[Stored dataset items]
■ ■ ■

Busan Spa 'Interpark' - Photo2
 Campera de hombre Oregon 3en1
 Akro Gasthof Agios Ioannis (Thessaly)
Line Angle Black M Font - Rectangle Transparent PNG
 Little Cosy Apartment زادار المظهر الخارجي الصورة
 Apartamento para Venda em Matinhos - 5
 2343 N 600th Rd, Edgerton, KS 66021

■ ■ ■

■ **EXERCISE OBJECTIVE**: Give back, unchanged, every line from the one with "Little Cosy Apartment" to the end of the entries above.

■ **YOUR SOLUTION**:
 Little Cosy Apartment زادار المظهر الخارجي الصورة
 Apartamento para Venda em Matinhos - 5
 2343 N 600th Rd, Edgerton, KS 66021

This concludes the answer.